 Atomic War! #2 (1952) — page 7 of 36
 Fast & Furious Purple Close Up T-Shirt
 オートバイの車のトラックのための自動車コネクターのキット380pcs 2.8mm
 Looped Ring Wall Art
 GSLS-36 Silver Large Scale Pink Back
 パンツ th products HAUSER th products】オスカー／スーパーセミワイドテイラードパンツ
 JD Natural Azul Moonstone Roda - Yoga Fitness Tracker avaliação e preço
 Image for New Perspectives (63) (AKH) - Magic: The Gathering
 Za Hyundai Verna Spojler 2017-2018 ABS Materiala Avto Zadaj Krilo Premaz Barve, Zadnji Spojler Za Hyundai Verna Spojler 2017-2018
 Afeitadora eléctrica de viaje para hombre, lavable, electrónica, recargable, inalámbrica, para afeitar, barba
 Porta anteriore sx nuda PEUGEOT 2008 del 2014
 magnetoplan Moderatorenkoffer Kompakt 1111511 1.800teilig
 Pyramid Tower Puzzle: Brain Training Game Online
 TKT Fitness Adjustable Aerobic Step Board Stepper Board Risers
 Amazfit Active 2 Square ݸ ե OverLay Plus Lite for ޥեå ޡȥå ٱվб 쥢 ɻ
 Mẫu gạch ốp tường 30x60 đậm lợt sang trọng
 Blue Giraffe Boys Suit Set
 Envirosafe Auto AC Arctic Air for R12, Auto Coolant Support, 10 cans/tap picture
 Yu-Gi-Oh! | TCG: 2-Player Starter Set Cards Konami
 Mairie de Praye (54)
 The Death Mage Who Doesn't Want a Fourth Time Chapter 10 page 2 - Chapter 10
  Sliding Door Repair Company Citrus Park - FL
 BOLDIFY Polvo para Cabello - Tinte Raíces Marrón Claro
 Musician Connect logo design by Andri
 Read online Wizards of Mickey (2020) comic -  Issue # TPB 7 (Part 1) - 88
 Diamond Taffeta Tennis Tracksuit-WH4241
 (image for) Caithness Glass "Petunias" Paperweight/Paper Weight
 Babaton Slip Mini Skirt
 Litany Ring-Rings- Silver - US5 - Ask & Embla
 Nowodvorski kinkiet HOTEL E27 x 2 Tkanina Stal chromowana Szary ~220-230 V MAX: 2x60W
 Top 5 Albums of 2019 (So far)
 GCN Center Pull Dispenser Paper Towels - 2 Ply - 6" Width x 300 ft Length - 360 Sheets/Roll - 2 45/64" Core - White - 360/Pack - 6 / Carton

▶ WORK ITEM: Answer with one number, namely the count of lines in the entries that include the word "Paper".

▶ ANSWER TO THIS PROBLEM: 2